- [Records shown]:
===

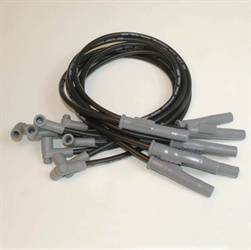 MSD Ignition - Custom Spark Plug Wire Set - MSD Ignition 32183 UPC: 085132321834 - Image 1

===

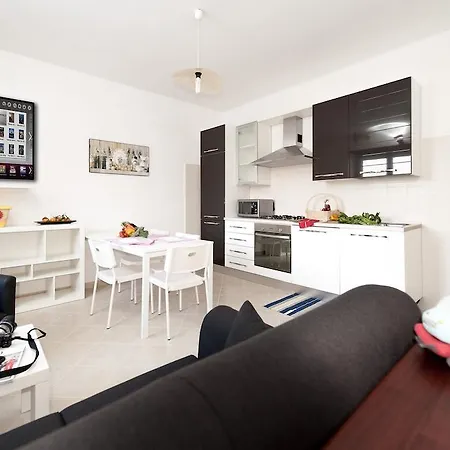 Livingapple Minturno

===

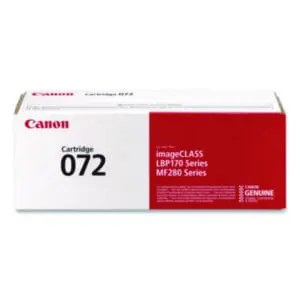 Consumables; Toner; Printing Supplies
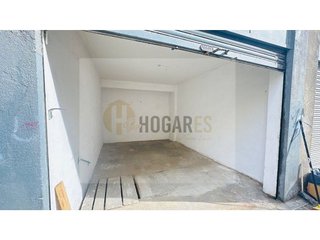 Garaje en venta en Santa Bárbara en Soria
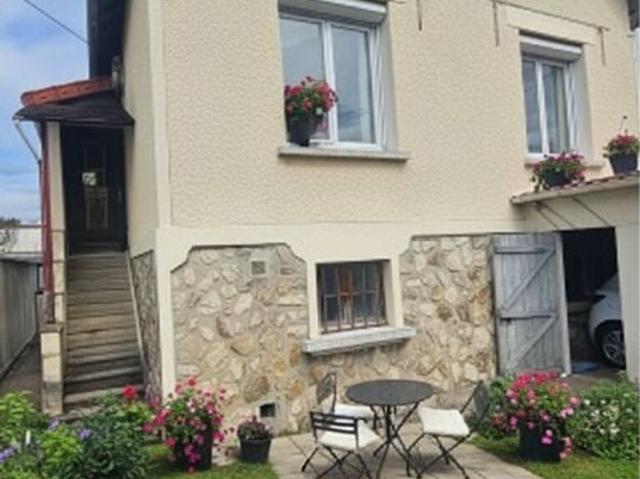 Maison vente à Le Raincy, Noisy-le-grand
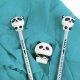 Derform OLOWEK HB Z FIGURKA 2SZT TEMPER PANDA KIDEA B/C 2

===

- [Exercise instructions]:
Only one stretch of the material above is wanted: the line containing "Consumables; Toner; Printing Supplies" through the line containing "Derform OLOWEK HB". Restate it word for word, minus the pictures.

- [Answer section]:
 Consumables; Toner; Printing Supplies
 Garaje en venta en Santa Bárbara en Soria
 Maison vente à Le Raincy, Noisy-le-grand
 Derform OLOWEK HB Z FIGURKA 2SZT TEMPER PANDA KIDEA B/C 2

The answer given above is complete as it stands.